▶ [Records to use]
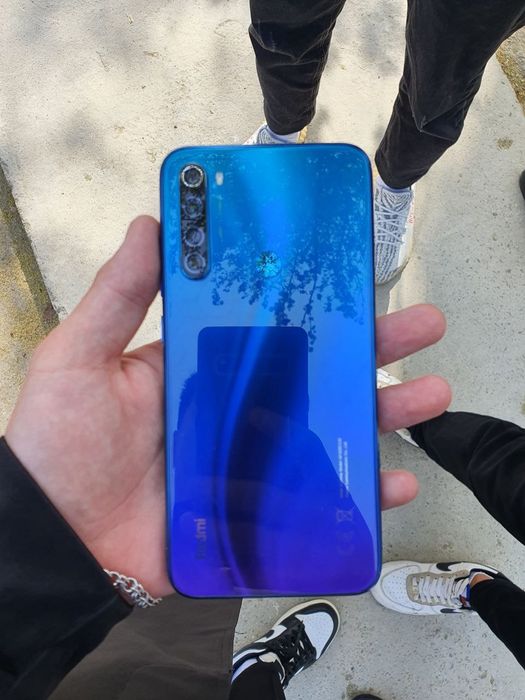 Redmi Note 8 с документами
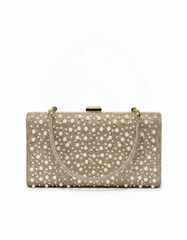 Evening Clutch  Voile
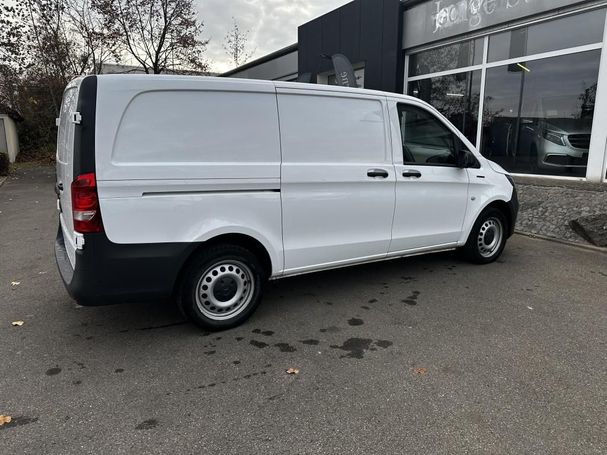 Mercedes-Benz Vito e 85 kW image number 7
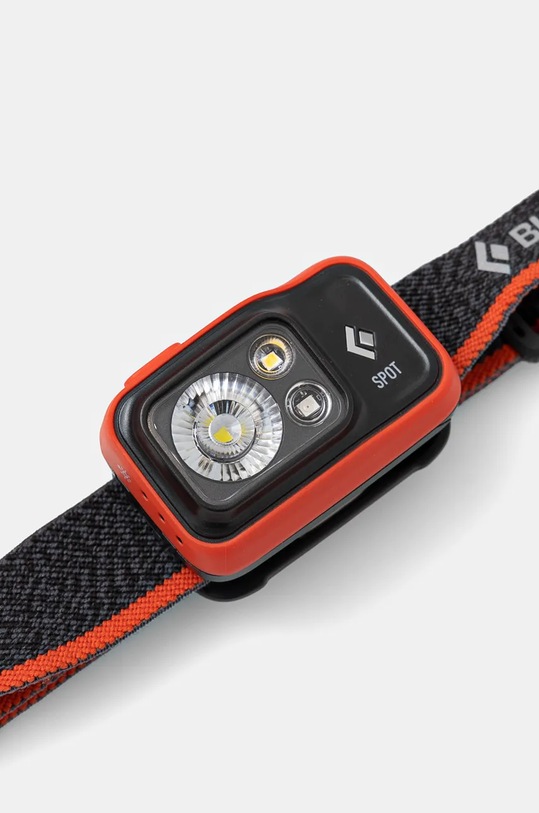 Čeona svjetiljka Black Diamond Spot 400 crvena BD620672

--

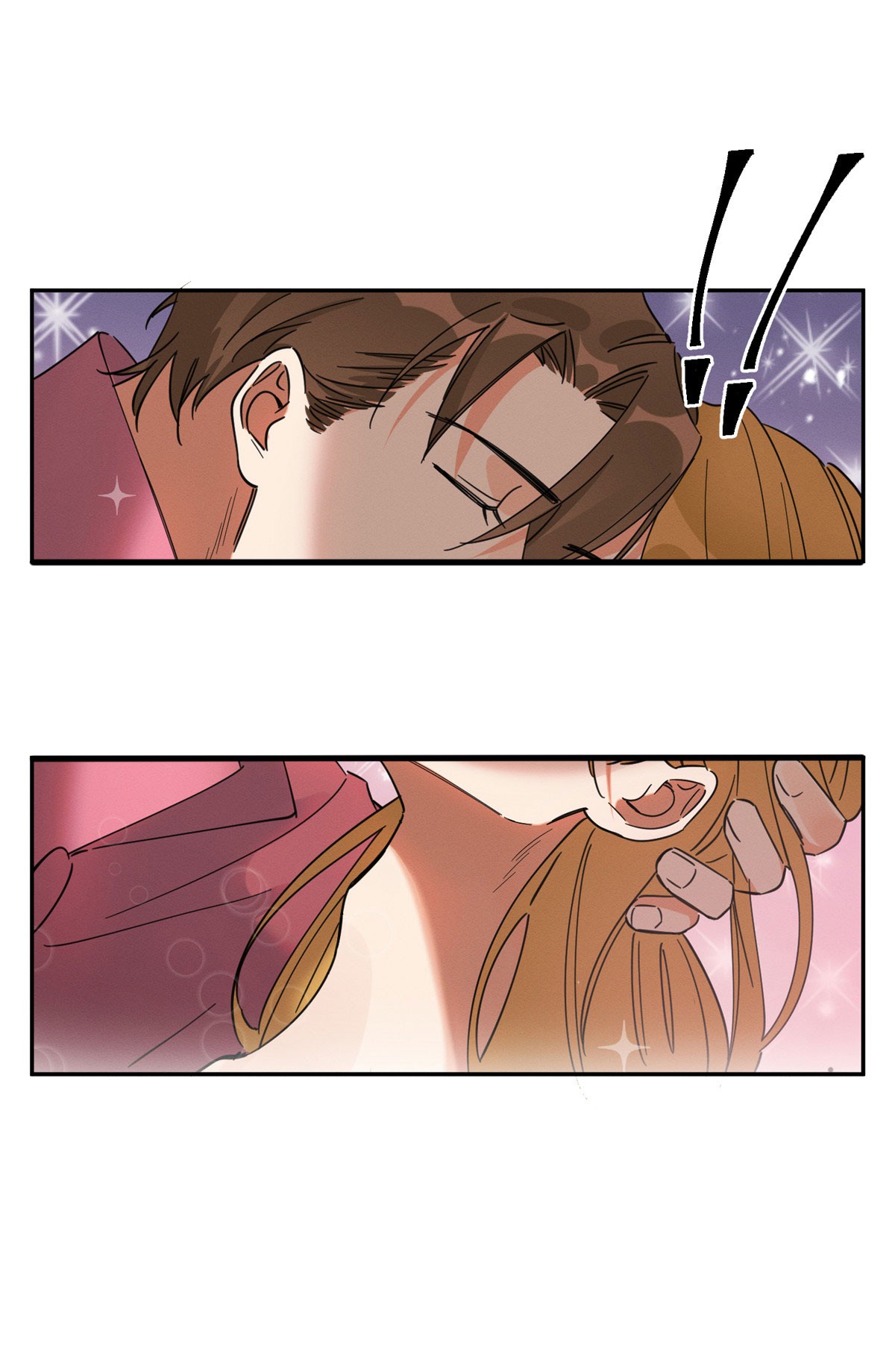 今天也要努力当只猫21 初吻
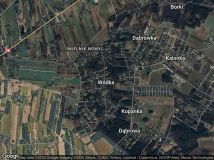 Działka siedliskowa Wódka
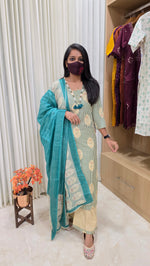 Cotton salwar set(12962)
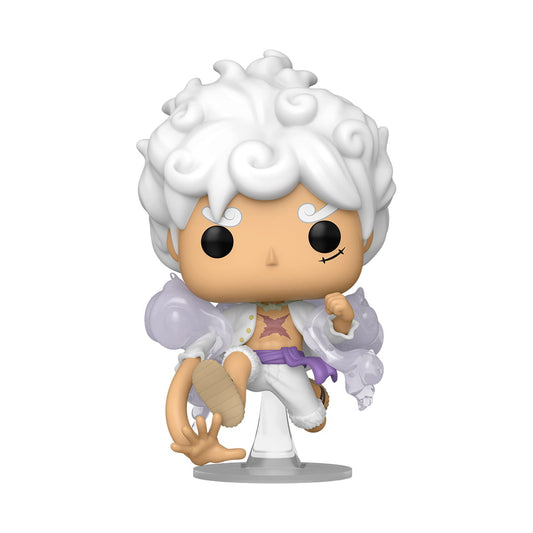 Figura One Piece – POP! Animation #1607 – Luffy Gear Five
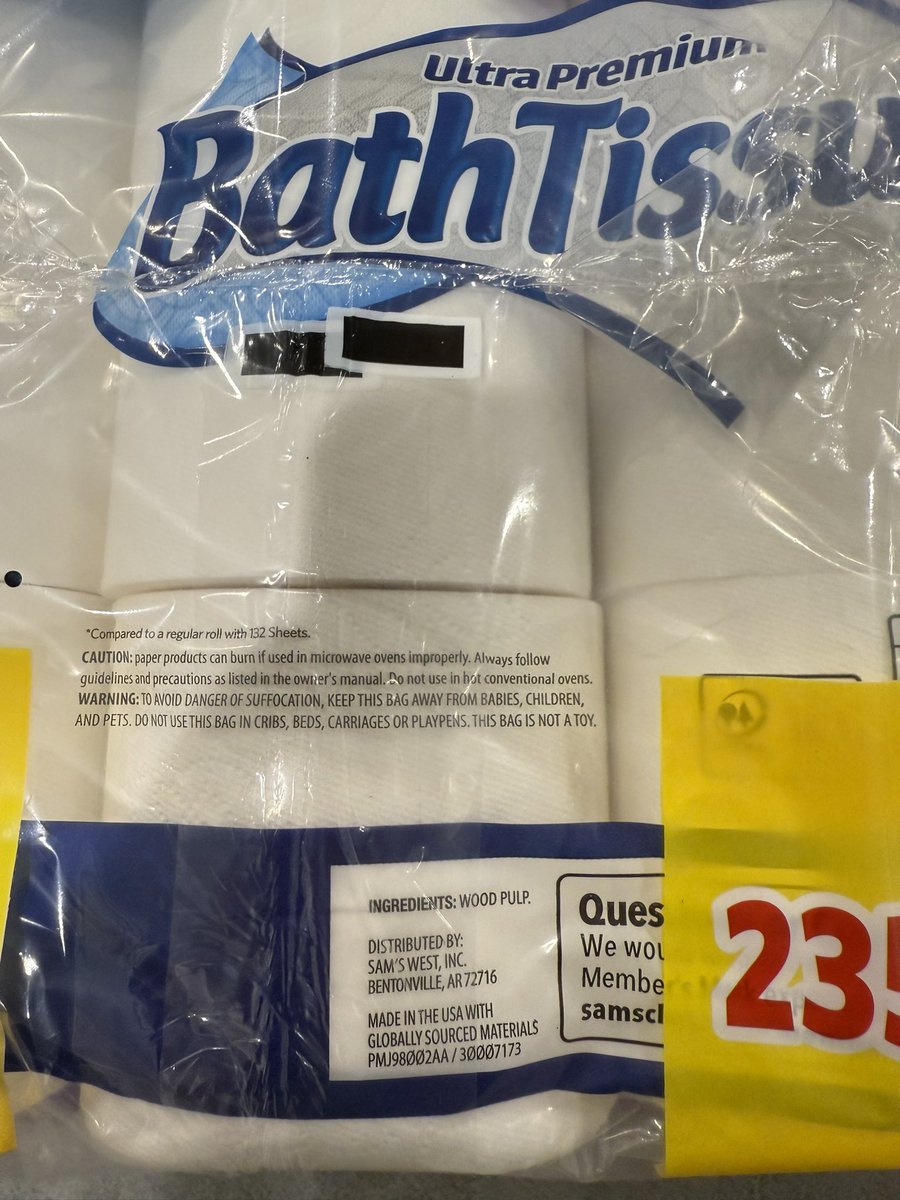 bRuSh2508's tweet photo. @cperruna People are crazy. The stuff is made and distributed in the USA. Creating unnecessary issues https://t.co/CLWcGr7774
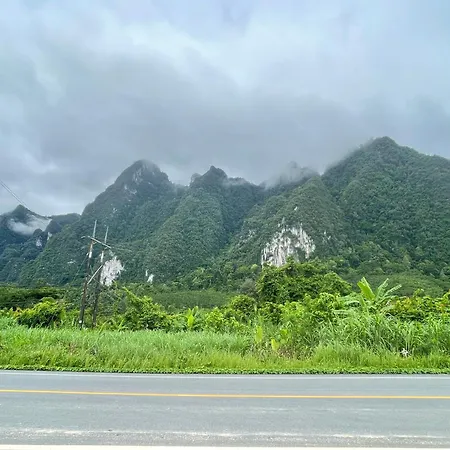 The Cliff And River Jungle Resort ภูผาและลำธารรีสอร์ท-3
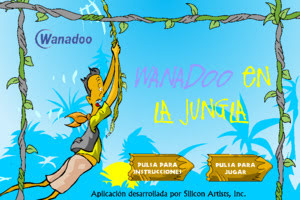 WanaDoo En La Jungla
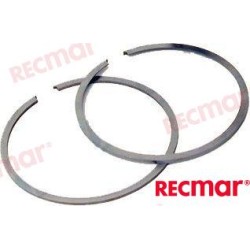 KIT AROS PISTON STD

▶ [Task instructions] All pictures are to be skipped. Output, word for word, the lines in the data above starting at the line containing "Evening Clutch  Voile" and ending at the line containing "Čeona svjetiljka Black".

▶ [Expected answer]
 Evening Clutch  Voile
 Mercedes-Benz Vito e 85 kW image number 7
 Čeona svjetiljka Black Diamond Spot 400 crvena BD620672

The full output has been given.